Setup: Phi-4-mini RangeDim unified shards (phi4mini_runtime_meta_rope96_rangedim_20_4_6_2.json), --speculative --ngram-min 1, daemon benchmark (helper script). New dense prompt: 372-token Swift CoreML code snippet (temporary output) with heavy repetition of MLMultiArray, MLModel, MLState, makeInputDict, forwardLayer, rope_cos, rope_sin, attn_mask, kv_write_mask. Both prompts run for 5 reps, 20 new tokens (39-token) and 80 new tokens (372-token). JIT warmup: T=1=113.4s, T=4=136s.
Result:
| Prompt | Reps | New toks | Prefill tok/s | Decode tok/s | Speedup vs T=1 (17.8) |
|---|---|---|---|---|---|
| 39-token code prompt (prior) | 5 | 20 | 68.9 | 18.1 | +1.7% |
| 372-token Swift CoreML prompt | 5 | 80 | 70.4 | 26.7 | +50% |
Decode reps for the 372-token run: 26.8, 26.7, 26.6, 26.7, 26.7 — variance ≤0.2 tok/s, confirming the measurement is stable and not JIT noise. Artifacts updated: the validation-first notes Exp 26 table row added; local runtime notes updated with both data points.

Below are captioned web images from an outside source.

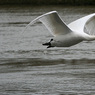 swan.jpg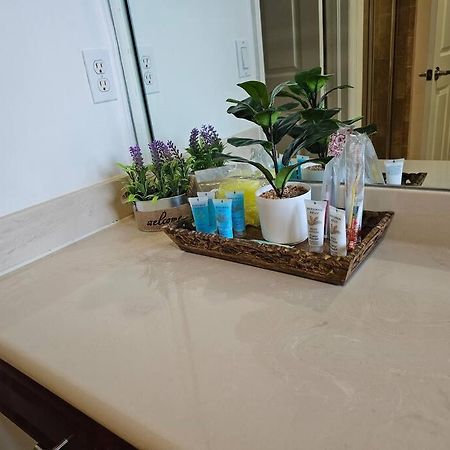 D&N Property Rental ميامي المظهر الخارجي الصورة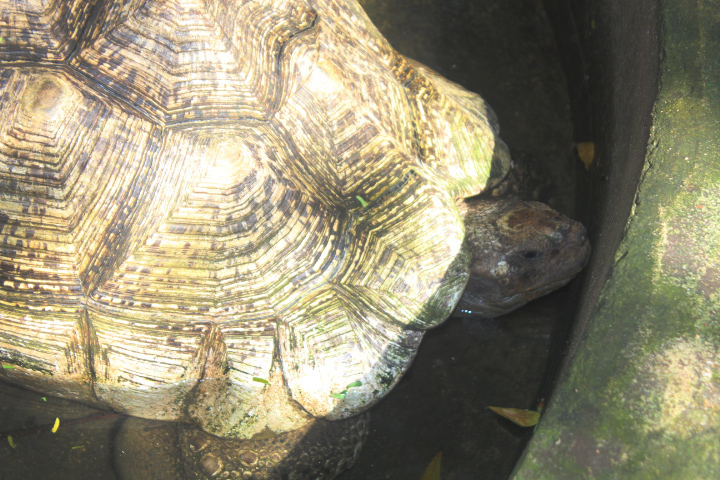 Babcock's leopard tortoise (Stigmochelys pardalis babcocki)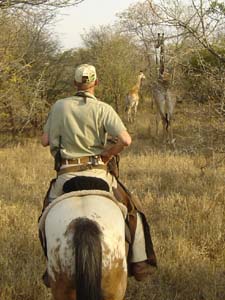 Afrique du Sud, album photos de nos safaris à cheval "Big Five" dans une réserve privée à proximité du Parc Kruger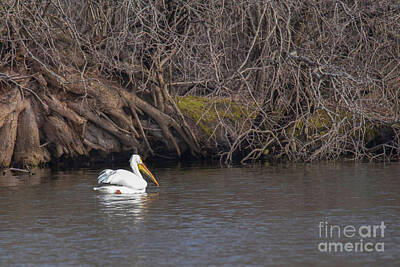Nikki Vig Royalty Free Images - Pelican Floating on a Pond at Dusk Royalty-Free Image by Nikki Vig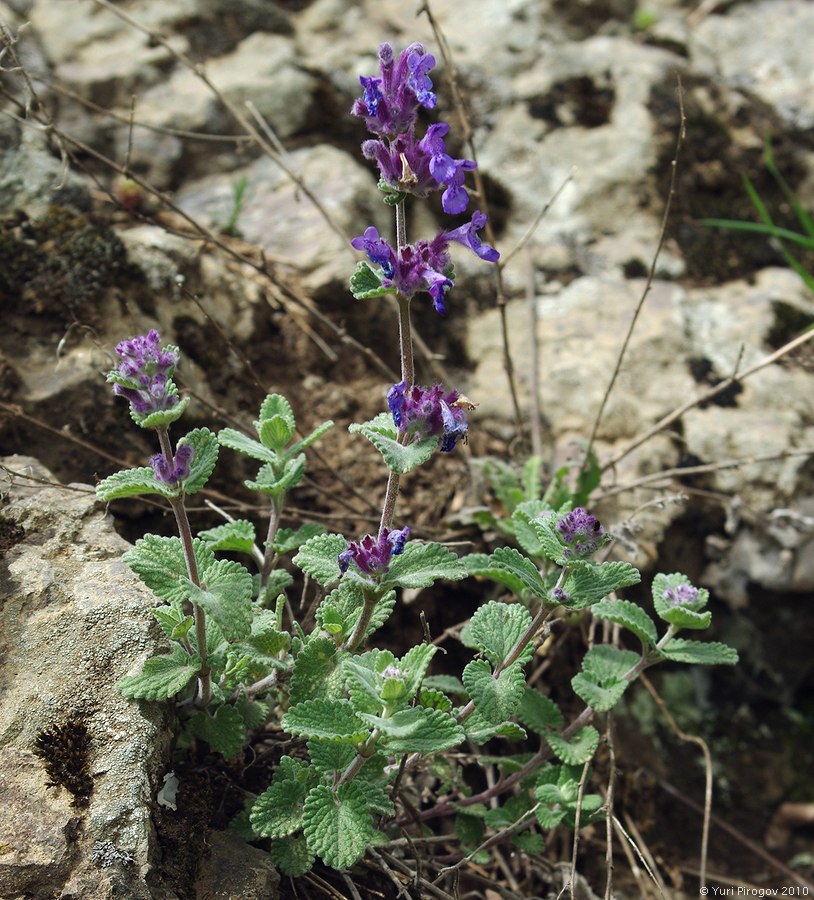 Image of Nepeta mussinii specimen.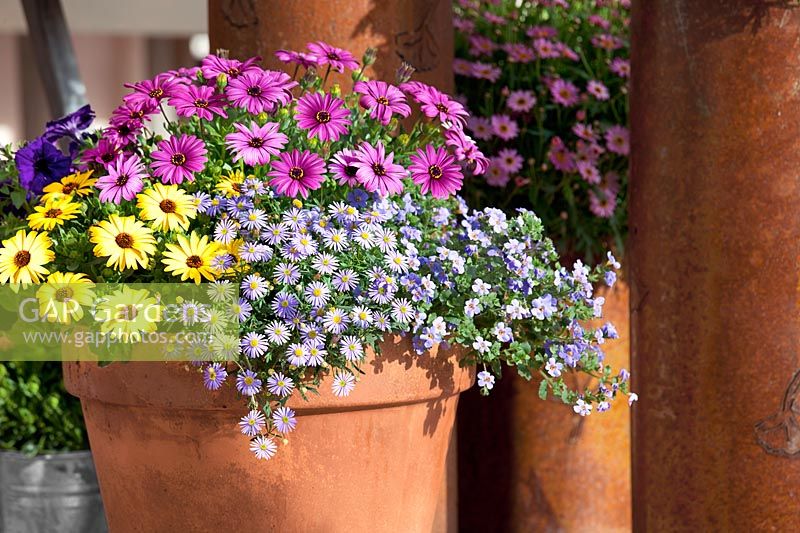 Clay pot with Osteospermum Serenity, Brachyscome and Sutera
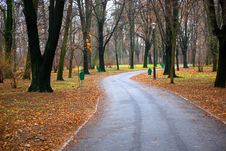Park Alley Royalty Free Stock Photos Park Alley Royalty Free Stock Photos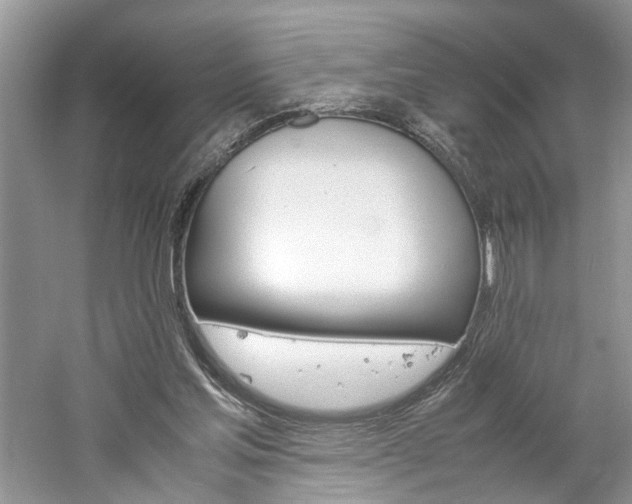 X0000061140205200511181217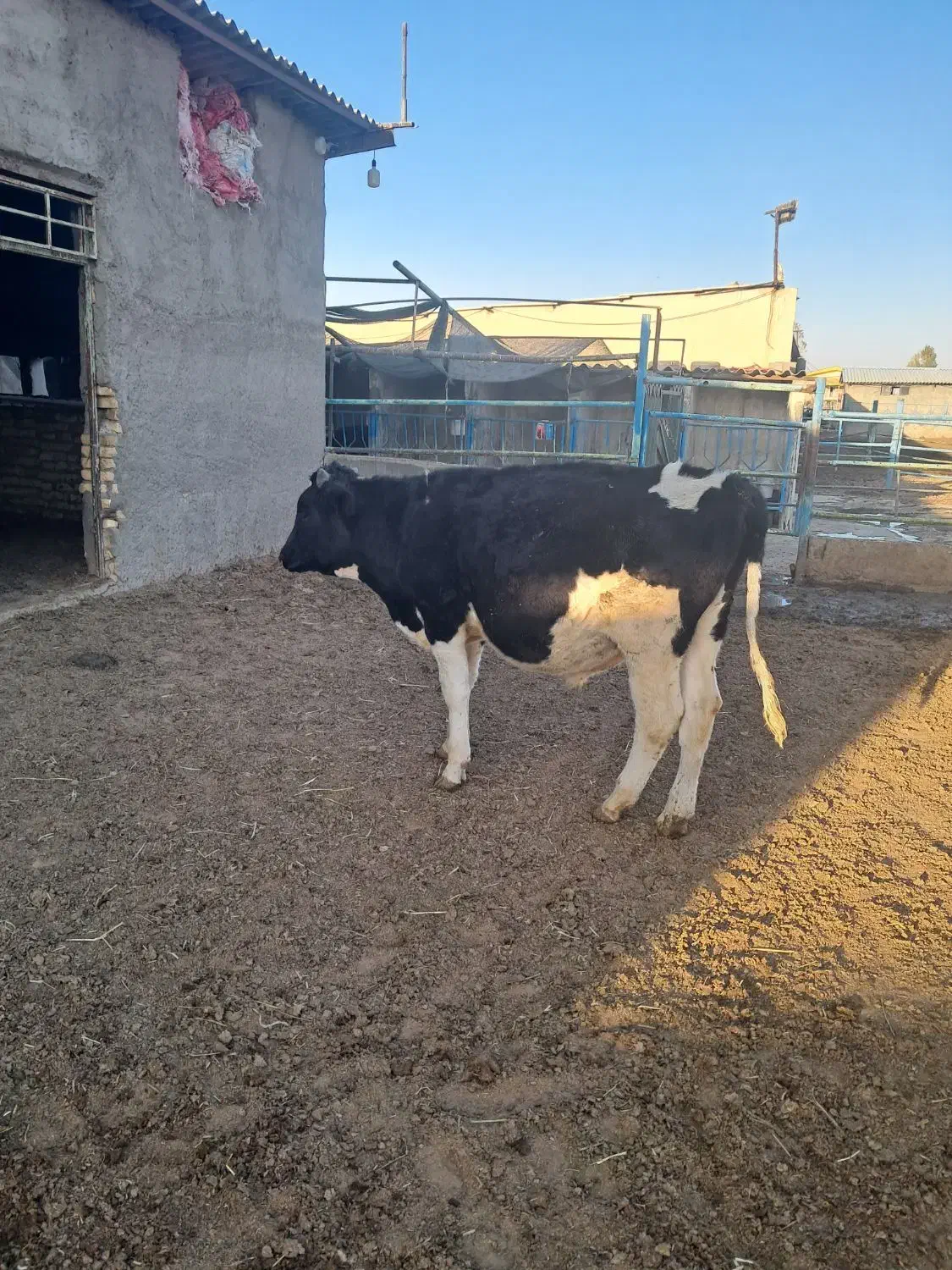 یک راس جوانه ۳۰۰ کیلویی|حیوانات مزرعه|چناران, |دیوار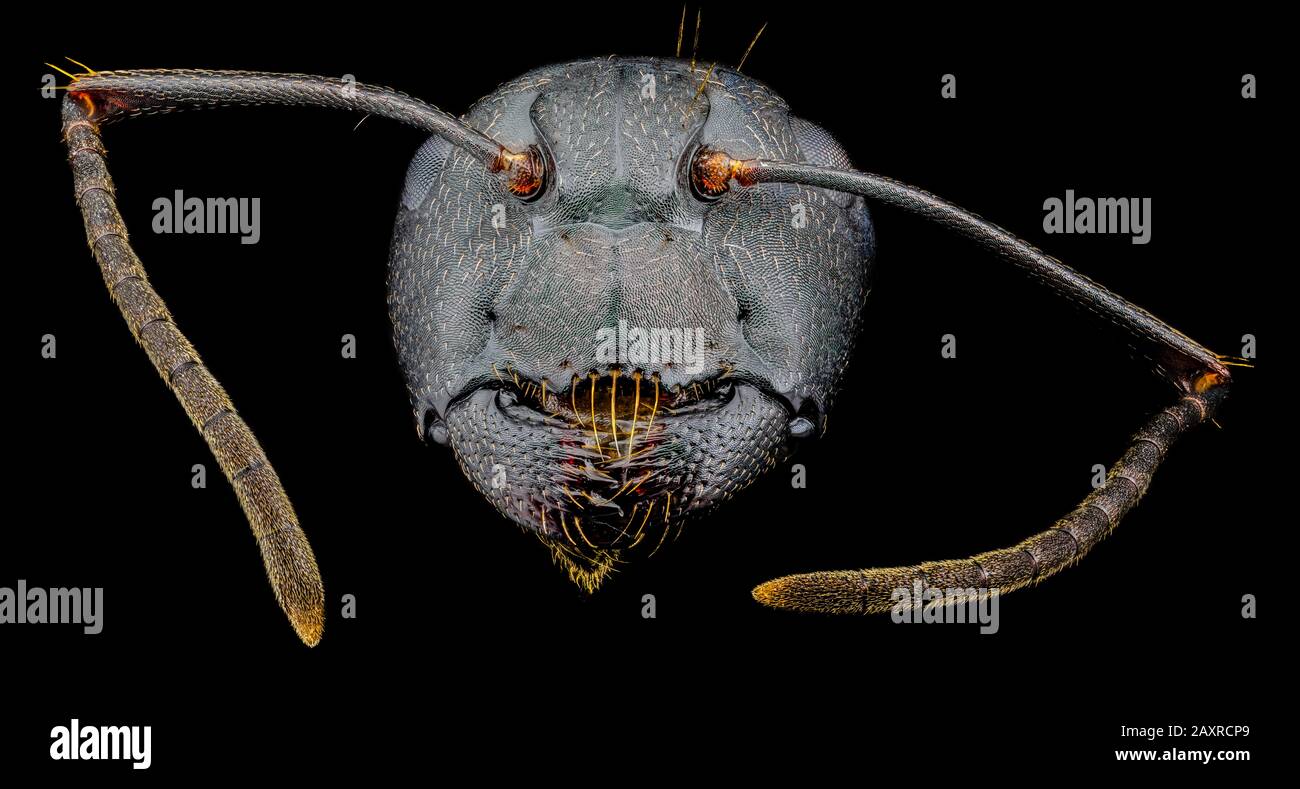 Macro ritratto estremo di una formica nera Foto Stock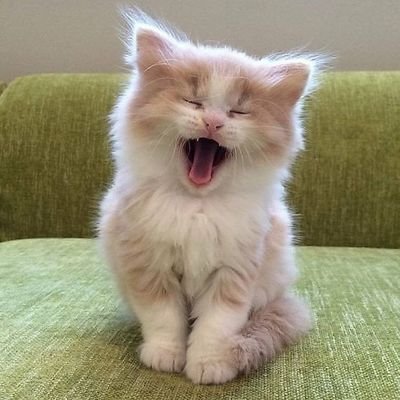 abde72099165's profile picture. لكل غاية مفيدة ....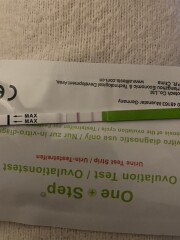 BBT chart help!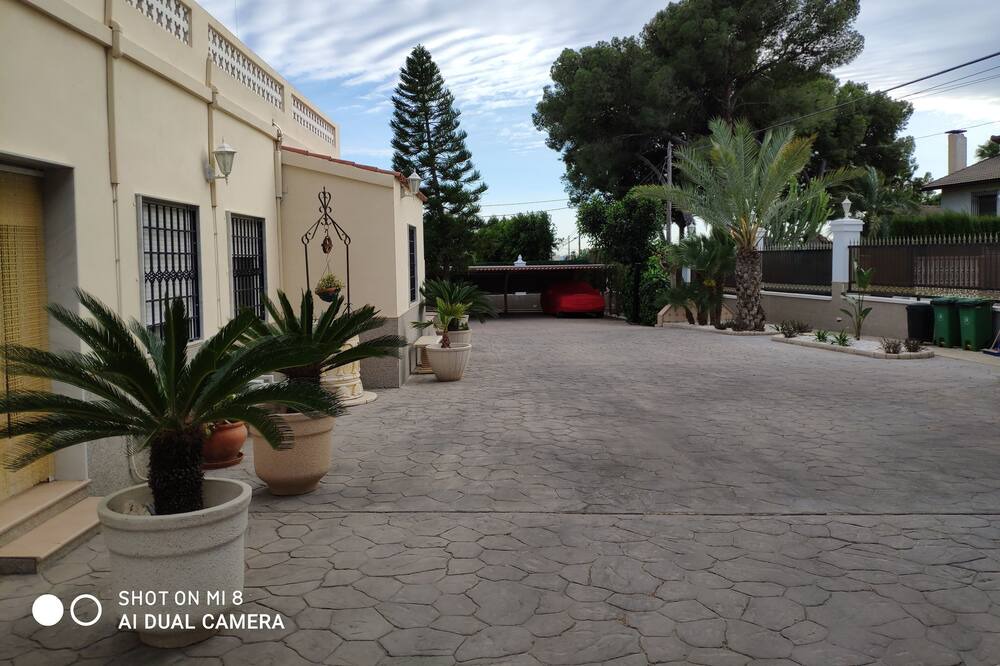 Photo of Outdoor in Elche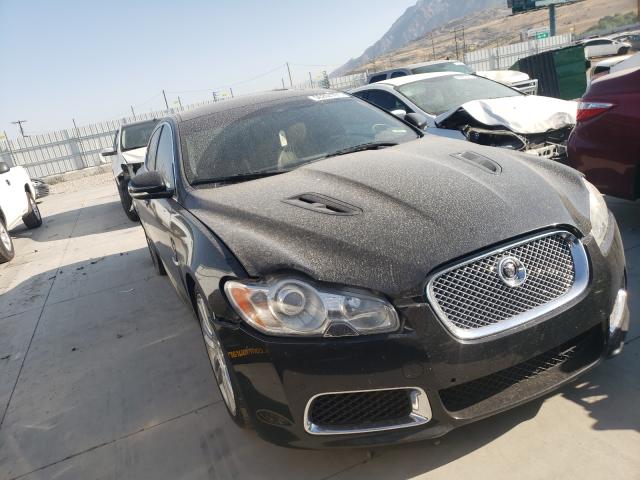 JAGUAR XF R 2010 sajwa0jc5amr61138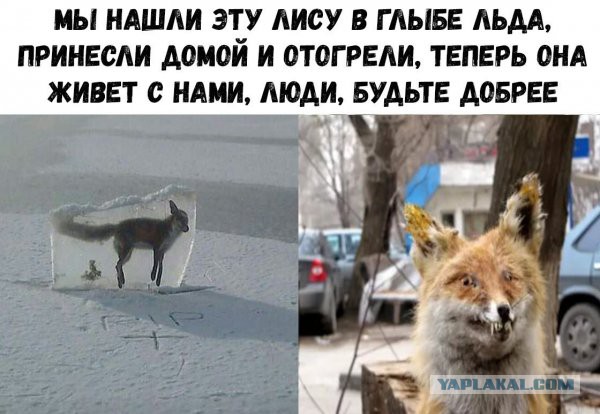 Британка повсюду таскает с собой своего сына — дохлого лисенка Иисуса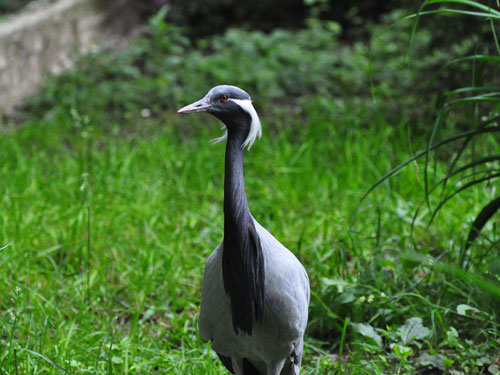 Demoiselle Crane in Kishinev Zoo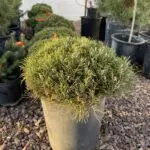 Mugho Pine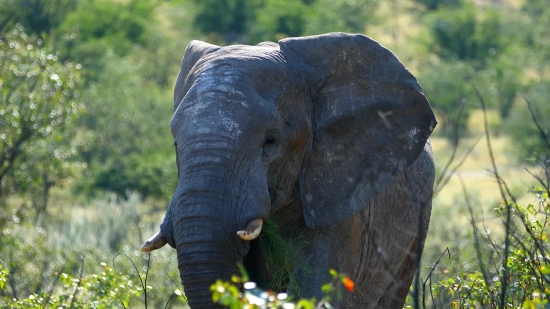 Elephant, Mammal, Safari, Wildlife, Wild, Trunk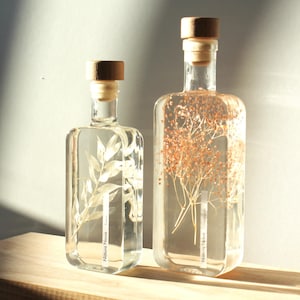 Duo of submerged plants NATURA NOVA, Submerged flowers, Herbarium, Gift idea, Herbarium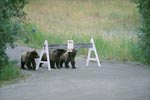 Three Brown Bear cubs and a sign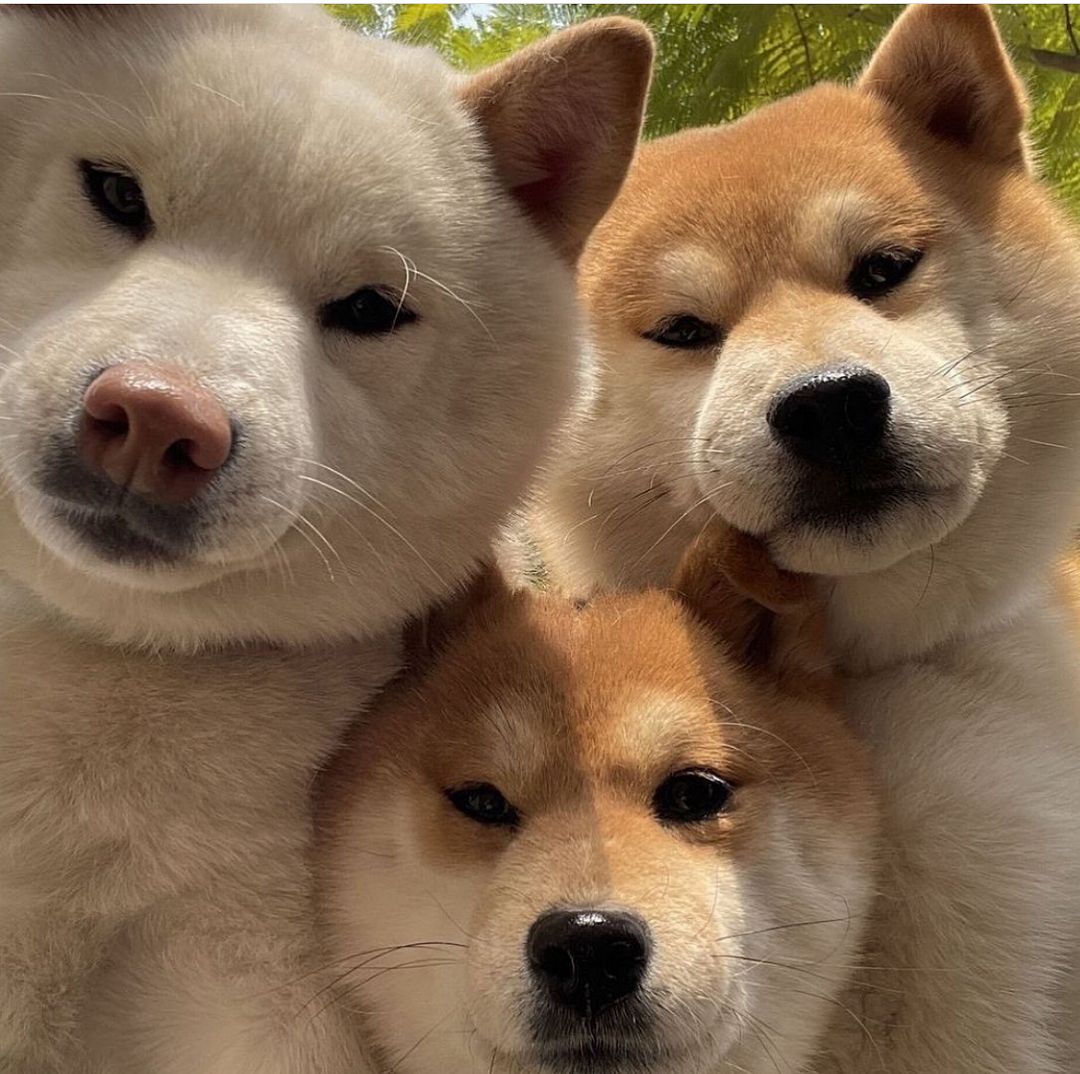 3 dog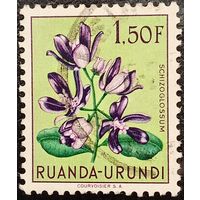 Руанда. Флора. Цветы. Schizoglossum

Surprise / hurdle: The +50% jump from a single prompt swap was striking. The simulated 2.04× upper bound from Exp 23 (draft=4: verifier_passes=49/100) is still above the measured 1.5×, meaning the drafter is not yet fully saturating every T=4 verify call — either some calls accept fewer than 4 tokens, or occasional fallbacks to T=1 remain. The gap between theoretical ceiling and measured wall is the next thing to quantify.
Lesson: N-gram speculative decoding acceptance rate on ANE is entirely dominated by prompt-token repetition density; a 10× increase in prompt length with the right vocabulary yielded a 29× larger speedup, confirming the drafter is the bottleneck, not the ANE verifier throughput.
Next: Map speedup vs. prompt length between 39 and 372 tokens to find the minimum context length needed for production-grade gains. The Knuth §6.1 match-distance model predicts a monotone but sublinear acceptance rate curve; measure 5–7 points to characterise the knee. Also instrument per-call acceptance count to close the gap between 1.5× measured and 2.04× simulated ceiling.